Give again, word for word, each line below starting at the one that contains "ARE RET PALADINS ANY GOOD IN SHADOWLANDS" and ending at the one that contains "Gleams From Japan".

+++ RECORDS FOR PROCESSING

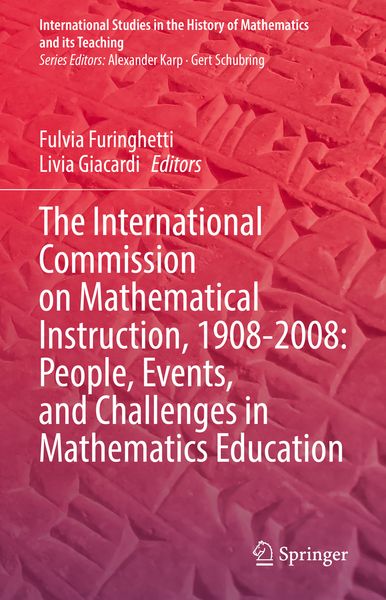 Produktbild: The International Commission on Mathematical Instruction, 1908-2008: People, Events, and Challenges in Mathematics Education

++++++
+++ RECORDS FOR PROCESSING

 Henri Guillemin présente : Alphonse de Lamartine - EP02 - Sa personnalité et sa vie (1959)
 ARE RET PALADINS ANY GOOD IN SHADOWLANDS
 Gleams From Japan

++++++

WRITTEN RESPONSE
 ARE RET PALADINS ANY GOOD IN SHADOWLANDS
 Gleams From Japan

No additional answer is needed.